* _Data for review_

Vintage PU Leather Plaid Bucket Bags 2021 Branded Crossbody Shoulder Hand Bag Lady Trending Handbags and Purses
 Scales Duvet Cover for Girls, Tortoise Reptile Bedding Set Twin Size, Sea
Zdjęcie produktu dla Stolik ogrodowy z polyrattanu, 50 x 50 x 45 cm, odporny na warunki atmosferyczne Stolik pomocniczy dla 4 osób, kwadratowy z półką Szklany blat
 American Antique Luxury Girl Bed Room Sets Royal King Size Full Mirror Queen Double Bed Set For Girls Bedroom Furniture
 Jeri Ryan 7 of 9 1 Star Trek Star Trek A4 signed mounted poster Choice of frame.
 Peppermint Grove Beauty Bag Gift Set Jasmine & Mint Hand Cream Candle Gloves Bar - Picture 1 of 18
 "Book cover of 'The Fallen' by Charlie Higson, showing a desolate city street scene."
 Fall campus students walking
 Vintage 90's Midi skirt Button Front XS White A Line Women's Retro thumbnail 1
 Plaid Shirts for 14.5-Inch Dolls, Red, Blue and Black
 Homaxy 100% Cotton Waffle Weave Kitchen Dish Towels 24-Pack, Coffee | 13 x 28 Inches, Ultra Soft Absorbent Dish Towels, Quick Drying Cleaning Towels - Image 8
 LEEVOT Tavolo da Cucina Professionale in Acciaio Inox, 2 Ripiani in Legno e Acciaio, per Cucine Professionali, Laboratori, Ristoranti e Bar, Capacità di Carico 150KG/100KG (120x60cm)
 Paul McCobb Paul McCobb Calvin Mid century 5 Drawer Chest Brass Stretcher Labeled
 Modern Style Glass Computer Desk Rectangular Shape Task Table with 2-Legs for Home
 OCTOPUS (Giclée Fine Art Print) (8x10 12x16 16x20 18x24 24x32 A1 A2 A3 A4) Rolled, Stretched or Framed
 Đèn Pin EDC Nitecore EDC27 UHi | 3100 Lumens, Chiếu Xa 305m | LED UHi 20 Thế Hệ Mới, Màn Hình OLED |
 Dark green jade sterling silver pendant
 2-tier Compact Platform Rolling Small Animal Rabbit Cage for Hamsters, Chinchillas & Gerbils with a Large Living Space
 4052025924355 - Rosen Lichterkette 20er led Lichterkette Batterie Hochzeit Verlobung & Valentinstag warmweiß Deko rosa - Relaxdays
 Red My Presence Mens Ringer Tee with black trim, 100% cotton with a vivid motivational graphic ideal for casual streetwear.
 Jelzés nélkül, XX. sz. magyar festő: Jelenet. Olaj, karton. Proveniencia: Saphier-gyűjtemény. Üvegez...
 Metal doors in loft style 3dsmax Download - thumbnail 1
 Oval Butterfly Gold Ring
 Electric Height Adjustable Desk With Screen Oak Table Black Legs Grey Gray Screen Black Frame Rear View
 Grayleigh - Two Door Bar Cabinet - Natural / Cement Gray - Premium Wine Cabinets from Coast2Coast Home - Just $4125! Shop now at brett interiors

* _The task_
The material shown above must be written out again in full, exactly as it reads.

* _Solution for this problem_
Vintage PU Leather Plaid Bucket Bags 2021 Branded Crossbody Shoulder Hand Bag Lady Trending Handbags and Purses
 Scales Duvet Cover for Girls, Tortoise Reptile Bedding Set Twin Size, Sea
Zdjęcie produktu dla Stolik ogrodowy z polyrattanu, 50 x 50 x 45 cm, odporny na warunki atmosferyczne Stolik pomocniczy dla 4 osób, kwadratowy z półką Szklany blat
 American Antique Luxury Girl Bed Room Sets Royal King Size Full Mirror Queen Double Bed Set For Girls Bedroom Furniture
 Jeri Ryan 7 of 9 1 Star Trek Star Trek A4 signed mounted poster Choice of frame.
 Peppermint Grove Beauty Bag Gift Set Jasmine & Mint Hand Cream Candle Gloves Bar - Picture 1 of 18
 "Book cover of 'The Fallen' by Charlie Higson, showing a desolate city street scene."
 Fall campus students walking
 Vintage 90's Midi skirt Button Front XS White A Line Women's Retro thumbnail 1
 Plaid Shirts for 14.5-Inch Dolls, Red, Blue and Black
 Homaxy 100% Cotton Waffle Weave Kitchen Dish Towels 24-Pack, Coffee | 13 x 28 Inches, Ultra Soft Absorbent Dish Towels, Quick Drying Cleaning Towels - Image 8
 LEEVOT Tavolo da Cucina Professionale in Acciaio Inox, 2 Ripiani in Legno e Acciaio, per Cucine Professionali, Laboratori, Ristoranti e Bar, Capacità di Carico 150KG/100KG (120x60cm)
 Paul McCobb Paul McCobb Calvin Mid century 5 Drawer Chest Brass Stretcher Labeled
 Modern Style Glass Computer Desk Rectangular Shape Task Table with 2-Legs for Home
 OCTOPUS (Giclée Fine Art Print) (8x10 12x16 16x20 18x24 24x32 A1 A2 A3 A4) Rolled, Stretched or Framed
 Đèn Pin EDC Nitecore EDC27 UHi | 3100 Lumens, Chiếu Xa 305m | LED UHi 20 Thế Hệ Mới, Màn Hình OLED |
 Dark green jade sterling silver pendant
 2-tier Compact Platform Rolling Small Animal Rabbit Cage for Hamsters, Chinchillas & Gerbils with a Large Living Space
 4052025924355 - Rosen Lichterkette 20er led Lichterkette Batterie Hochzeit Verlobung & Valentinstag warmweiß Deko rosa - Relaxdays
 Red My Presence Mens Ringer Tee with black trim, 100% cotton with a vivid motivational graphic ideal for casual streetwear.
 Jelzés nélkül, XX. sz. magyar festő: Jelenet. Olaj, karton. Proveniencia: Saphier-gyűjtemény. Üvegez...
 Metal doors in loft style 3dsmax Download - thumbnail 1
 Oval Butterfly Gold Ring
 Electric Height Adjustable Desk With Screen Oak Table Black Legs Grey Gray Screen Black Frame Rear View
 Grayleigh - Two Door Bar Cabinet - Natural / Cement Gray - Premium Wine Cabinets from Coast2Coast Home - Just $4125! Shop now at brett interiors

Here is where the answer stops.